Hi, I would like to tackle this issue with my group : )
@northword I think, the expected result is a Python tool residing in https://github.com/JabRef/abbrv.jabref.org/tree/main/scripts. It should print out issues and exit with failure code if issues are found. -- You can chose another programming language of you want.
Example output of lychee, which has another purpose, but also outputs check results:
(Source: https://github.com/JabRef/jabref/actions/runs/11361716475)
Hey, when implementing the check logic for 'WARN: abbreviation is the same as the full text,' should we only give a warning if the journal's name has more than one word and the abbreviation is the same as its full name? If the journal name is just one word, as @northword mentioned, should we simply pass it?
Hey, when implementing the check logic for 'WARN: abbreviation is the same as the full text,' should we only give a warning if the journal's name has more than one word and the abbreviation is the same as its full name? If the journal name is just one word, as @northword mentioned, should we simply pass it?
Yes.
My current function that checks the validity of starting letters of abbreviations considers the below entries as invalid, because the starting letters of the abbreviations do not match well with the full names.
Full: 'Polish Academy of Sciences', Abbrev: 'Acta Phys. Polon. A' Full: 'Jagellonian University', Abbrev: 'Acta Phys. Polon. B' Full: 'Universităţii din Timișoara', Abbrev: 'An. Univ. Timișoara Ser. Mat.-Inform.' Full: 'Universităţii "Ovidius" Constanţa', Abbrev: 'An. Ştiinţ. Univ. Ovidius Constanţa Ser. Mat.'
However, these abbreviations seem to be legitimate for the corresponding full names, though not being obvious. Could you provide some idea how I should refine the criteria of invalidity?
Maybe a hard coded list of exceptions? 😅
Not sure how many there are to be hardcoded : ( I might try using some similarity threshold to check them. That way abbreviations that are legitimate but are too different from the original full names would fail the check. Does that work?
Not sure how many there are to be hardcoded : ( I might try using some similarity threshold to check them. That way abbreviations that are legitimate but are too different from the original full names would fail the check. Does that work?
I haven't tried.
Maybe test cases need to be generated.
Maybe warnings can be output. Then an exception file generated by the user. Similar to .lycheeignore for the link checker lychee.

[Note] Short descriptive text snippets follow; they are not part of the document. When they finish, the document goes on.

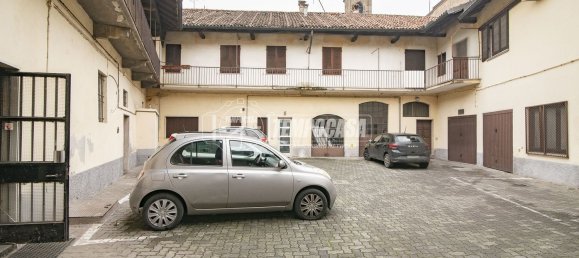2 rooms Apartment in Cassano d'Adda, Italy No. 232535 12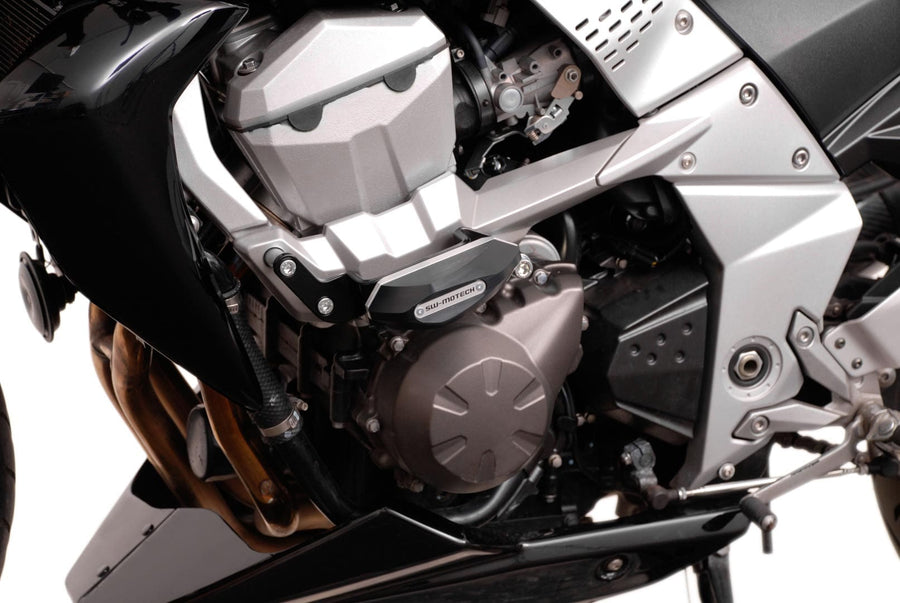 Kawasaki Z 750 [2006-2012] - Crash pad kit - billede 2
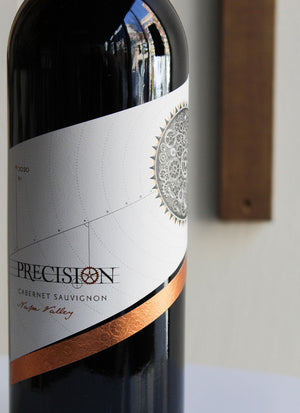 Precision Cabernet Sauvignon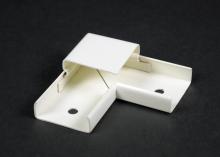 Legrand-Wiremold V2011 - STL FLAT ELBOW 2000 IVORY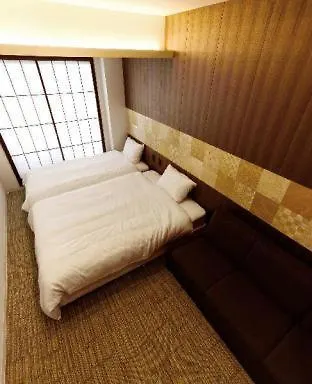 Hotel Irori Kyoto Station Higashi-Honganji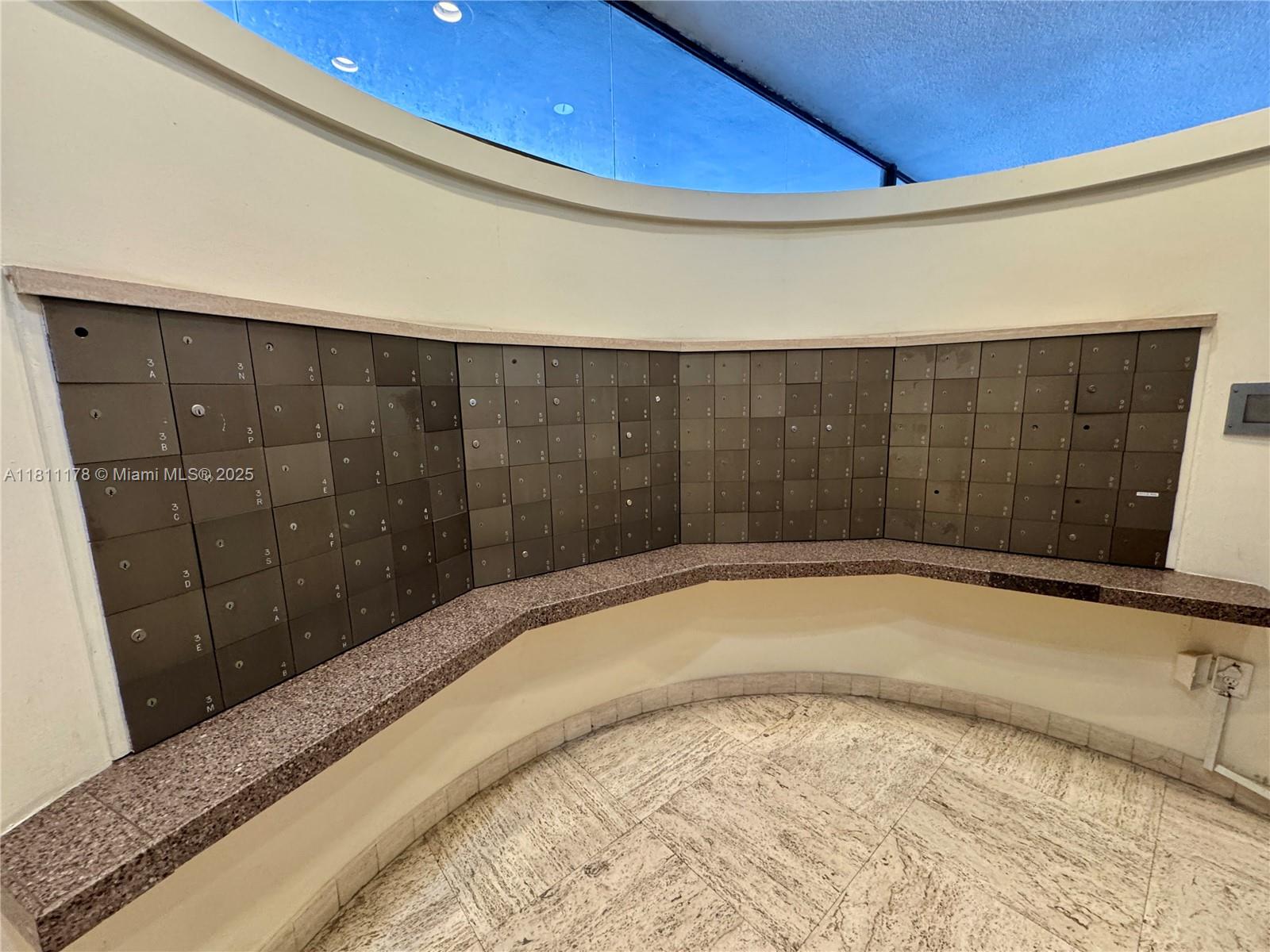 OCEANSIDE PLAZA CONDO - Residential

Obe might aslo output a number stating the distance.
For manual lists, this is helpful.
For downloaded lists, reports could be made.
I think, there are bugs in the lists.
I needed to fix lists, because "wrong" lists were in. See https://github.com/JabRef/abbrv.jabref.org/pull/148
We should have a checker. Following are the tasks it should check:
ERROR: Wrong escape
ERROR: Wrong beginning letters
(This is https://github.com/JabRef/abbrv.jabref.org/issues/107)
ERROR: List contains non-UTF8 characters
This is https://github.com/JabRef/abbrv.jabref.org/issues/125.
WARN: Double entries
(This refs https://github.com/JabRef/abbrv.jabref.org/issues/77)
WARN: Same full form appearing twice
(This refs https://github.com/JabRef/abbrv.jabref.org/issues/77)
WARN: Same abbrevation appearing twice
(This refs https://github.com/JabRef/abbrv.jabref.org/issues/77)
WARN: abbreviation is the same as the full text
WARN: Management is abbreviated with outdated "Manage." instead of "Manag.
This is https://github.com/JabRef/abbrv.jabref.org/issues/78